"I don’t mind flying cockroaches, spiders or snakes. But this thing ...." Kelly Niswanger said Tuesday, wincing as she described her run-in this week with a gejigeji. It was her first encounter — she and her family just moved into their off-base home in Yokohama a few months ago.
Big. Quick-moving. More than 10 pairs of legs … having just one of these endearing qualities is usually enough to make an insect unwelcome, let alone all of the above, says Hideomi Kakimoto, a Yokosuka base environmental engineer.

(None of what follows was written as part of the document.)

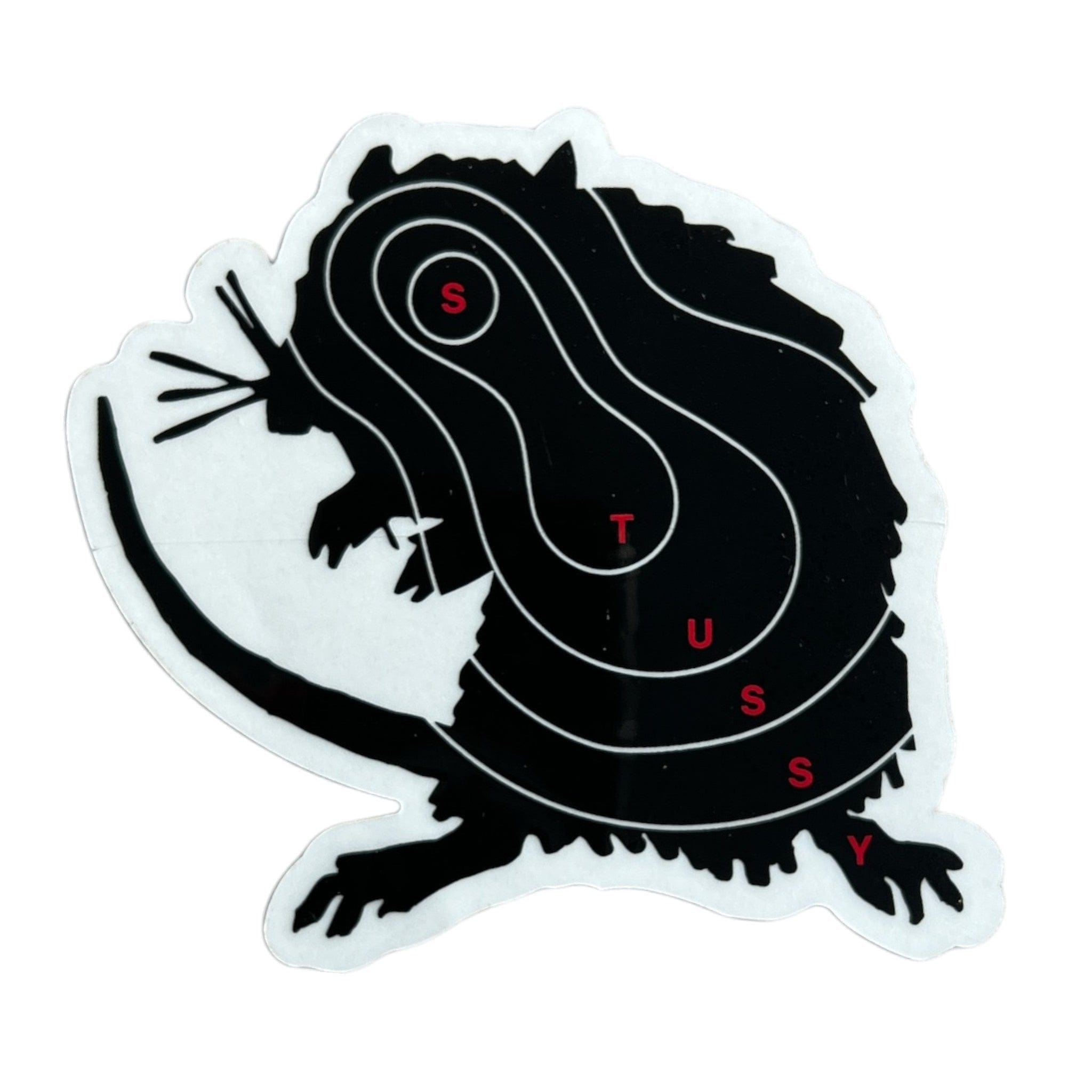 Black rat silhouette with 'STussy' branding on a white background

But "geji," or household centipedes, are known as "good bugs" in Japan, as their ninja-like maneuvering (and, cringe, their ability to jump) allows them to hunt other household pests like cockroaches and clothing moths.
Here's a pic:

3 comments:
Give me bats and spiders any day. Some of the creatures I've encountered in the jungles and other places are something out of a Heinlein novel. Some jungles, especially southeast Asia make the everglades look like a desert, everything SQUISHES when you walk, and there's multiple limbed things that consider you a source of nutrition.
No thanks.
I love snakes, but some insects and most arachnids tend to freak me out. These days, having seen what Brown Recluse Spider venom does to human tissue, I worry about these spiders that live "by the bucketful" in the typical American house.
And don't even get me started on ticks; I'm reading Teddy Roosevelt's account of his trip to Africa, and he talks of ticks all the time in terms that are totally off-putting.
We get the little fuckers here. The legs never die. You can beat them until; hell freezes over- and they're brittle- when you whack one, it breaks into a million pieces. Ick. Fuck 'em.